De Griffier van de Tweede Kamer der Staten-Generaal,

J. E. Biesheuvel-Vermeijden

Extra conferentie van Voorzitters van de parlementen van de EU op 11 en 12 december 2009 te Stockholm

De extra conferentie vond plaats in Stockholm, op uitnodiging van de heer Per Westerberg, voorzitter van het Zweedse parlement, die het roulerend voorzitterschap vervult van de Voorzittersconferentie. Zij stond in het teken van het Verdrag van Lissabon en de invulling door de nationale parlementen van hun versterkte rol bij de EU-besluitvorming. Ook de samenwerking, onderling en met het Europees Parlement, stond op de agenda. Vertegenwoordigd waren vrijwel alle (kamers van de) nationale parlementen van de lidstaten en kandidaat-lidstaten, veelal op voorzittersniveau, alsmede het Europees Parlement.

Na de opening door de heer Westerberg sprak de heer Jerzy Buzek, voorzitter van het Europees Parlement, de vergadering toe. Hij onderstreepte dat de EU de nationale parlementen nodig heeft omdat zij dichter bij de burgers staan. Nationale parlementen kunnen daardoor bijdragen aan de legitimiteit van de EU. Subsidiariteit is daarbij zeer belangrijk omdat het leeft bij de burger.

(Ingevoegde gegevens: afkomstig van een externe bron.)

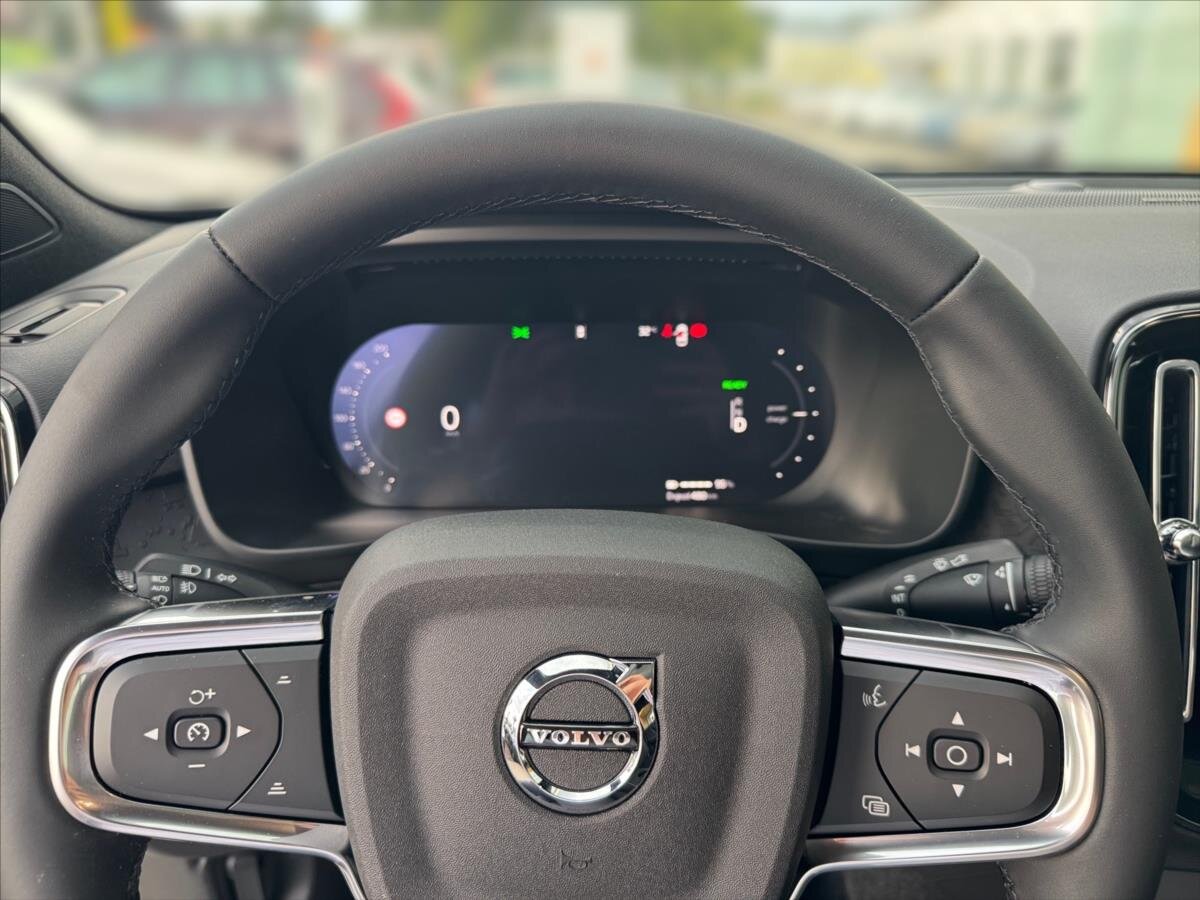 Volvo EC40 CUV 0,0 185 kw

De heer Buzek bepleitte om de samenwerking tussen EP en nationale parlementen uit te breiden naar de vakcommissies, door middel van permanente netwerken. Ook suggereerde hij betrokkenheid van het EP bij de implementatie van wetgeving in de lidstaten.

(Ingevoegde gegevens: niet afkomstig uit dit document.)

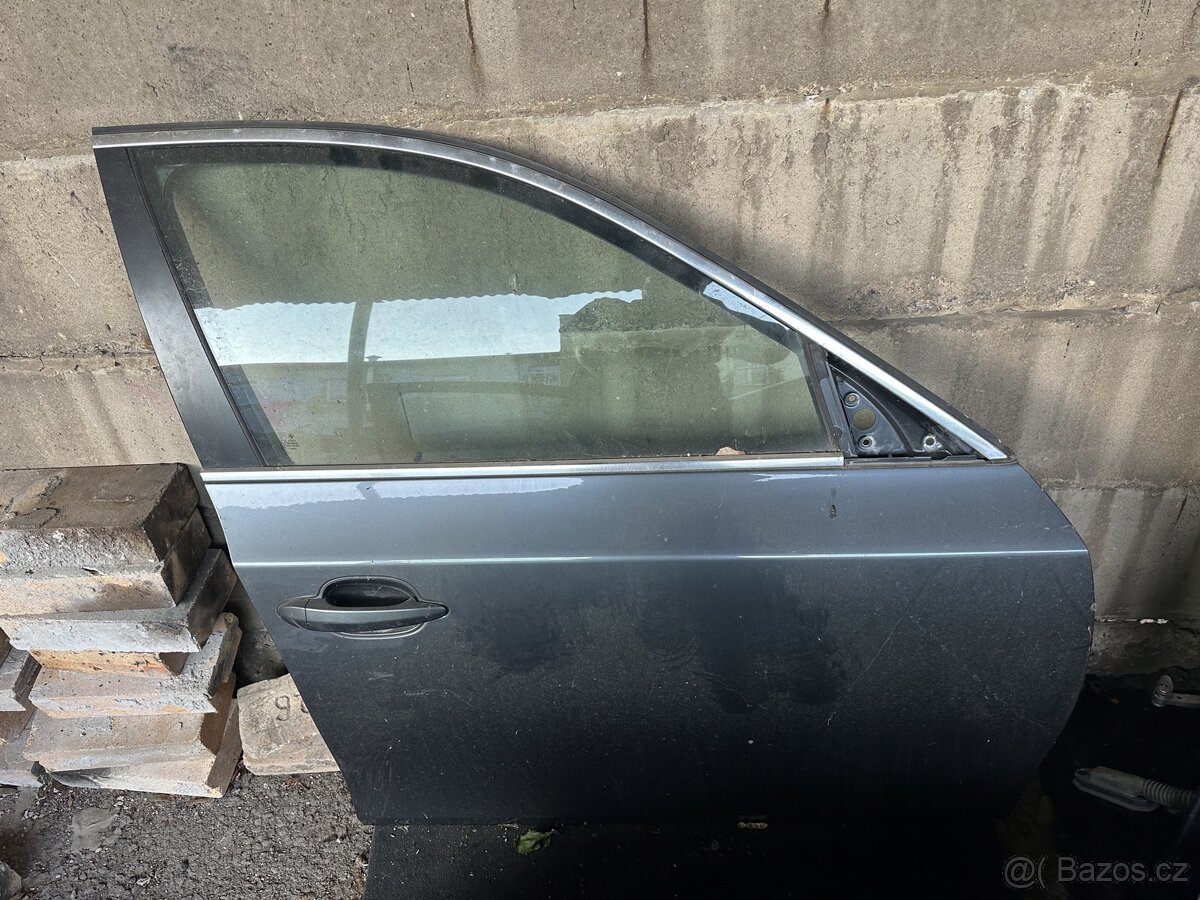 Dveře pro BMW E60/E61 - 16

De heer Bernard Accoyer, voorzitter van de Franse Assemblée, vond dat de samenwerking tussen nationale parlementen sneller tot stand moet komen om de geldende 8 wekentermijn voor subsidiariteitstoetsen te halen. IPEX en de parlementaire vertegenwoordigers in Brussel moeten daarom beter gebruikt worden. De Voorzittersconferentie moest naar zijn mening de agenda van interparlementaire bijeenkomsten gaan coördineren, samen met de trio’s van EU-voorzitters.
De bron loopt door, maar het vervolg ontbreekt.